Cette recension est issue de Politique étrangère 2/2013. Denis Bauchard propose une analyse de l’ouvrage de Marc Lynch, The Arab Uprising. The Unfinished Revolutions of The New Middle East (New York, NY, Public Affairs, 2012, 288 pages).

00-Lynch-9781610392358Cette publication mérite d’autant plus d’être remarquée que les spécialistes américains ont été peu prolixes sur le sujet du « soulèvement arabe ».
L’auteur rappelle que les vagues de contestation qui se sont développées à partir du début de l’année 2011 n’étaient pas sans précédents, faisant allusion aux turbulences qui se sont produites dans le monde arabe d’abord dans la décennie 1954-1963, puis à partir des années 1980, de même que dans la première décennie de ce millénaire. Ce qu’il nomme le « facteur générationnel » donne cependant aux mouvements de mécontentement perceptibles depuis de nombreuses années une efficacité redoutable. Par le jeu des technologies de l’information, un processus d’unification s’est développé pour déboucher sur un « espace politique arabe ». Cependant, après la vague initiale, les processus révolutionnaires se sont fortement diversifiés. L’onde de choc qui, partie de Tunisie et d’Égypte, a touché pratiquement tous les pays arabes, a connu des vagues successives. Aux deux cas précités, où les autocrates au pouvoir sont partis rapidement à l’issue de mouvements pacifiques, ont succédé des révolutions qui se sont déroulées selon des scénarios différenciés et ont parfois débouché sur une guerre civile. Relativement courte en Libye, elle se prolonge en Syrie, sans que son terme soit prévisible. L’activist class n’a pas pu, ou pas voulu, s’engager, laissant le champ libre aux mouvements islamistes.

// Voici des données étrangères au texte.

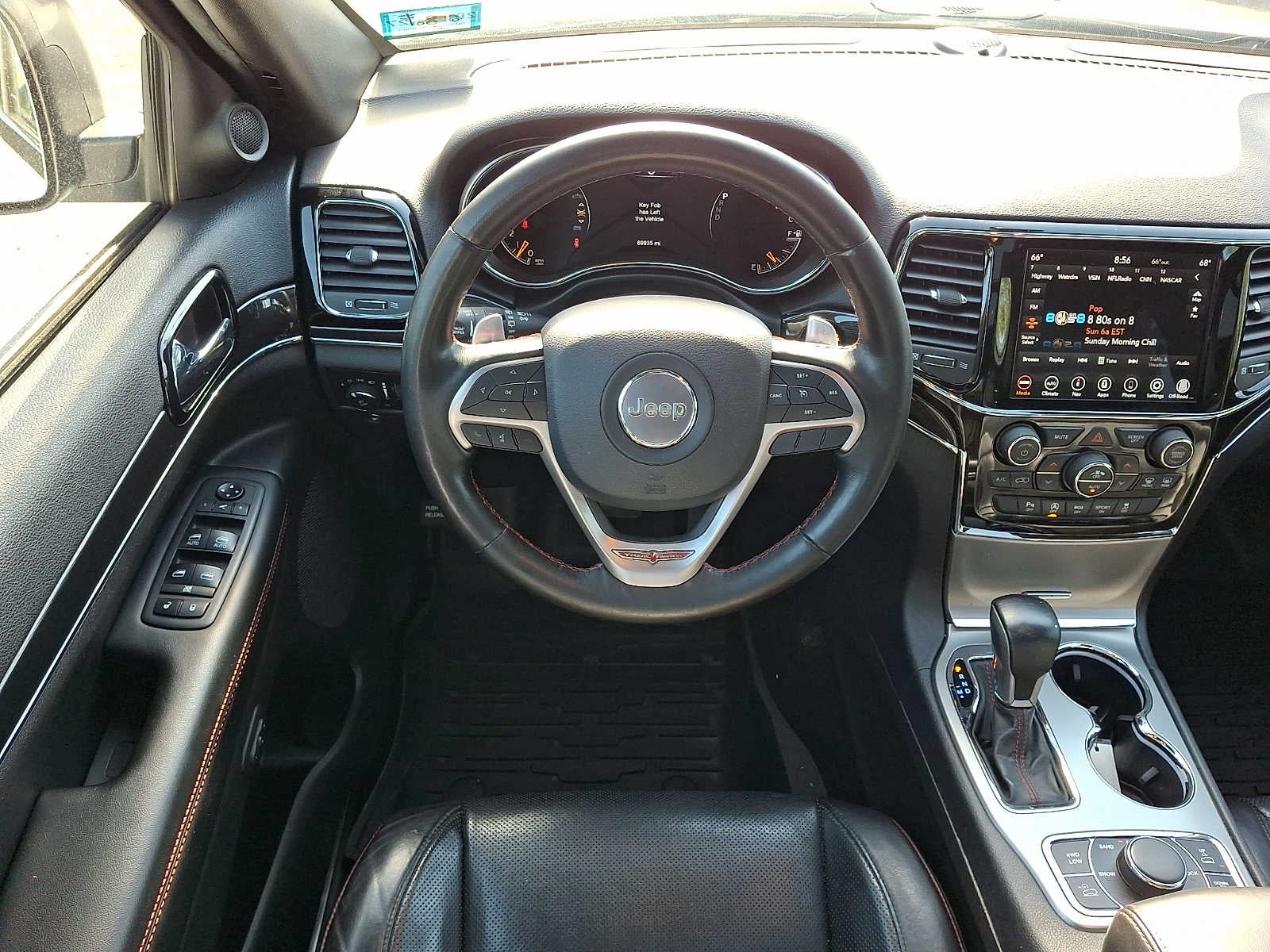 2020 Jeep Grand Cherokee Trailhawk 4x4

La politique américaine est largement évoquée. Celle du président Bush en termes particulièrement critiques : Marc Lynch juge que la promotion de la démocratie par la force telle que pratiquée par l’administration Bush ne pouvait que conduire à un échec. S’agissant du président Obama, son jugement est plutôt bienveillant. Il souligne l’embarras de l’administration devant ces soulèvements qu’elle n’avait pas prévus et qui l’obligent à faire le grand écart entre le soutien aux aspirations démocratiques et les préoccupations de ses principaux alliés, Arabie Saoudite et Israël, qui y sont hostiles. Il estime que le président, lors de son discours au département d’État du 19 mars 2011, a pris acte que « les mouvements de protestation arabes n’ont pas besoin ni ne veulent du leadership de l’Amérique » et que, si globalement Obama a plutôt bien géré une situation fluide, il n’a pas réussi à rétablir la crédibilité des États-Unis dans cette zone. En effet, ces mouvements menacent les fondations mêmes d’un ordre régional qui avait été soutenu et organisé par les États-Unis. L’auteur rappelle que la question palestinienne demeure un problème fondamental et que les bouleversements actuels vont accentuer la pression en faveur d’une solution juste. Face à cette situation, il recommande un changement fondamental de la politique américaine. Les États-Unis devraient cesser de pratiquer le double standard, repenser « sérieusement » leurs relations avec Israël, reconnaître le lien « fondamental » qui unit tous les problèmes de la région et prendre acte des limites de leur capacité à contrôler le Moyen-Orient. Vaste programme ! La récente visite du président Obama en Israël laisse penser que ces orientations ne seront guère prises en compte.
Cet ouvrage lucide et sans complaisance constitue certainement une référence sur les soulèvements arabes vus des États-Unis.